Ainda, o déficit nas transações correntes que já alcança a cifra dos 70 bilhões de dólares desarruma a política cambial que por sua vez repica na inflação. A inflação alta, por sua vez, corroeu os salários. Outro pilar, a política compensatória tem seus limites e o governo encontra uma incapacidade de ampliar o Bolsa Família. Por outro lado, a política de credito também chegando ao seu limite, esbarra na capacidade de endividamento das famílias e, diante disso, o que acontece é que as variáveis que consubstanciaram o modelo de distribuição de renda lulista se esgotaram. Por aí, não anda mais para frente. Portanto, o que resta é mesmo mexer com as questões estruturais que demandam um novo arranjo de forcas políticas.

Este é o cenário que se coloca para as forcas políticas que se digladiam de olho nas eleições de 2014. O desafio que se coloca é se pautar por um corpo de ideias que se posicione a esquerda do consorcio PT/PMDB e dar respostas às demandas vinda das ruas. Para isso é preciso avançar no processo de mudanças e costurar uma política de alianças que impulsione as transformações. Só a combinação do movimento de massas com a base de apoio congressual será possível efetivar o processo de mudanças. Esse novo cenário só será possível na medida em que romper os paradigmas da atual política: ao invés da conciliação de classes a tensão de classes. Neste contexto nebuloso, evidentemente, os fantasmas irão reaparecer e o espectro da disputa ideológica rondara a política. Neste mar revolto será preciso navegar. Somente neste percurso se alcançara um novo padrão de distribuição de renda e a partir daí, um ‘estado de bem-estar social’.

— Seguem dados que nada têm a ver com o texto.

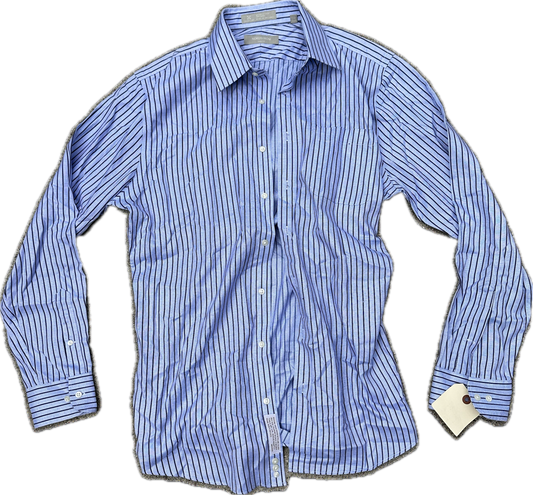 BONES: Agent Booth's Nordstrom Blue and Black Pin Stripe Long Sleeve Shirt (L)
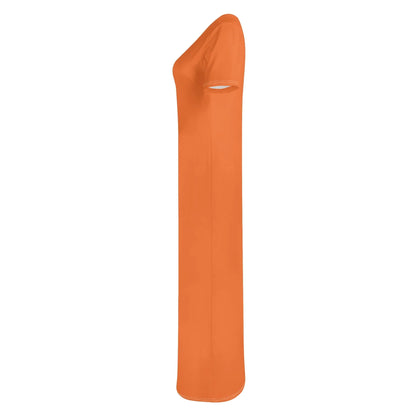 orange-short-sleeve-long-dress-long-dress-jlr-design-89801 - JLR Design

A esquerda titubeia diante destas opções estratégicas: continuar patinando no modelo lulista ou criar novas alternativas de avanço no processo de mudanças. Uma parte acredita que tudo que questiona o modelo lulista esta a serviço da direita. Por outro lado, parte da esquerda que rompeu com o PT e aglutina novas forcas ainda não conseguiram concretizar um projeto alternativo, coerente do ponto de vista programático e consubstanciado em uma política de alianças robusto. Neste sentido, observa se notórias deficiências especialmente no campo teórico na medida em que não se clarifica políticas de combate à inflação e de desenvolvimento alternativas as que estão postas no dia a dia, com profunda influencia ainda do receituário neoliberal. A esquerda tem serias dificuldades em sair da defensiva teórica que ainda se encontra e colocar suas propostas alternativas no tabuleiro da política econômica. Essa é indiscutivelmente uma deficiência teórica enorme não só aqui, mas que se faz presente a nível mundial. Os governos ditos de esquerda quando assumem acabam adotando políticas de corte neoliberal. Seu fracasso assim se torna inevitável. Assim foi quando o Solidariedade assumiu o governo na Polônia e Mandela assumiu na África do Sul. Os governos ditos de esquerda na America Latina pouco avançaram nesta questão, apenas em pequena medida na Venezuela, mas sem um projeto consistente do ponto de vista econômico. Com recursos abundantes vindos do petróleo não se admite que o pais vivessem problemas de desabastecimento e inflação. Alias, Celso Furtado em memorável ensaio sobre a Venezuela escrito ainda na década de 70 já antevia os problemas futuros: o maldito ouro negro. Uma economia com desajustes profundos era na época o pais com maior desigualdade social, os recursos abundantes do petróleo, mal empregados, somente iriam agravar ainda mais os problemas de desigualdades.

A tese do desenvolvimento sustentável é uma novidade no cenário político brasileiro. Contudo, falta construir o edifício de ideais de maneira detalhada e precisa sobre seu rebatimento nas questões econômicas, sócias, política, cultural e ética. Qual doutrina econômica é coerente com o desenvolvimento sustentável? É possível defender o desenvolvimento sustentável com uma política econômica com forte influencia da doutrina neoliberal? São questões que precisam ser respondidas.

O certo é que a esquerda carece de um corpo de ideias que consubstancie um programa coerente e consistente que possa responder a voz rouca vinda das ruas. O tempo urge e alguém certamente vai cobrar isso.